Extracted data entries
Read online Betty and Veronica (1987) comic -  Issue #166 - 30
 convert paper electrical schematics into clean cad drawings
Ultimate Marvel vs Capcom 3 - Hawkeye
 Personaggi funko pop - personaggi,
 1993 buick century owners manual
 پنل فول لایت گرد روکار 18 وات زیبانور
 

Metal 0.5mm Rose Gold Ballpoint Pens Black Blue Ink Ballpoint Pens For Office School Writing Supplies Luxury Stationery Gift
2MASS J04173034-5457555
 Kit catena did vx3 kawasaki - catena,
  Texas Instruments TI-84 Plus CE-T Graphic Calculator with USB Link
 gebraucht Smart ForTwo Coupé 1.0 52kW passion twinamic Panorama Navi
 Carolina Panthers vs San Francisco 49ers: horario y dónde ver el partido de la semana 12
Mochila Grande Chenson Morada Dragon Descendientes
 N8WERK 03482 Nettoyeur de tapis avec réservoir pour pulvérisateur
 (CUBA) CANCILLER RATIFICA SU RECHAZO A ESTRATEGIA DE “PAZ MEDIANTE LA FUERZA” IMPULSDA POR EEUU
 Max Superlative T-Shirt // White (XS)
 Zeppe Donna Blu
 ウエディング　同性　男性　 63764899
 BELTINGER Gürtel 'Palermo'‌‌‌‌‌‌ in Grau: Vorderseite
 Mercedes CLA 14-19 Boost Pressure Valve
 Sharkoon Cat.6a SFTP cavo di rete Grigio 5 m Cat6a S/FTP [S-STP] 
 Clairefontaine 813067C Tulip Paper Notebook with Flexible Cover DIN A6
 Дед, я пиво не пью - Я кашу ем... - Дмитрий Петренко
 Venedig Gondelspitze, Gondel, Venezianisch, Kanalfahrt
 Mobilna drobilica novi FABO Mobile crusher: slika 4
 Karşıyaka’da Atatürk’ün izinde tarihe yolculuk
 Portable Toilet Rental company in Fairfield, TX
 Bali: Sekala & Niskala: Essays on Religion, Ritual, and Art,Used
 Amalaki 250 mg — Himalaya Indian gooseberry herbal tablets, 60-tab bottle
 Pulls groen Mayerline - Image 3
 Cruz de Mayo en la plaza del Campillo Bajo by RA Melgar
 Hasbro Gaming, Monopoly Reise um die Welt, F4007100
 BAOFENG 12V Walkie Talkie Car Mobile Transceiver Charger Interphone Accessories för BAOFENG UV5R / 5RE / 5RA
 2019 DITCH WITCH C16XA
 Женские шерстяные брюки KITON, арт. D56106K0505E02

_Assigned task_: Every entry must appear in the answer, reproduced exactly.

_Task result_:
Read online Betty and Veronica (1987) comic -  Issue #166 - 30
 convert paper electrical schematics into clean cad drawings
Ultimate Marvel vs Capcom 3 - Hawkeye
 Personaggi funko pop - personaggi,
 1993 buick century owners manual
 پنل فول لایت گرد روکار 18 وات زیبانور
 

Metal 0.5mm Rose Gold Ballpoint Pens Black Blue Ink Ballpoint Pens For Office School Writing Supplies Luxury Stationery Gift
2MASS J04173034-5457555
 Kit catena did vx3 kawasaki - catena,
  Texas Instruments TI-84 Plus CE-T Graphic Calculator with USB Link
 gebraucht Smart ForTwo Coupé 1.0 52kW passion twinamic Panorama Navi
 Carolina Panthers vs San Francisco 49ers: horario y dónde ver el partido de la semana 12
Mochila Grande Chenson Morada Dragon Descendientes
 N8WERK 03482 Nettoyeur de tapis avec réservoir pour pulvérisateur
 (CUBA) CANCILLER RATIFICA SU RECHAZO A ESTRATEGIA DE “PAZ MEDIANTE LA FUERZA” IMPULSDA POR EEUU
 Max Superlative T-Shirt // White (XS)
 Zeppe Donna Blu
 ウエディング　同性　男性　 63764899
 BELTINGER Gürtel 'Palermo'‌‌‌‌‌‌ in Grau: Vorderseite
 Mercedes CLA 14-19 Boost Pressure Valve
 Sharkoon Cat.6a SFTP cavo di rete Grigio 5 m Cat6a S/FTP [S-STP] 
 Clairefontaine 813067C Tulip Paper Notebook with Flexible Cover DIN A6
 Дед, я пиво не пью - Я кашу ем... - Дмитрий Петренко
 Venedig Gondelspitze, Gondel, Venezianisch, Kanalfahrt
 Mobilna drobilica novi FABO Mobile crusher: slika 4
 Karşıyaka’da Atatürk’ün izinde tarihe yolculuk
 Portable Toilet Rental company in Fairfield, TX
 Bali: Sekala & Niskala: Essays on Religion, Ritual, and Art,Used
 Amalaki 250 mg — Himalaya Indian gooseberry herbal tablets, 60-tab bottle
 Pulls groen Mayerline - Image 3
 Cruz de Mayo en la plaza del Campillo Bajo by RA Melgar
 Hasbro Gaming, Monopoly Reise um die Welt, F4007100
 BAOFENG 12V Walkie Talkie Car Mobile Transceiver Charger Interphone Accessories för BAOFENG UV5R / 5RE / 5RA
 2019 DITCH WITCH C16XA
 Женские шерстяные брюки KITON, арт. D56106K0505E02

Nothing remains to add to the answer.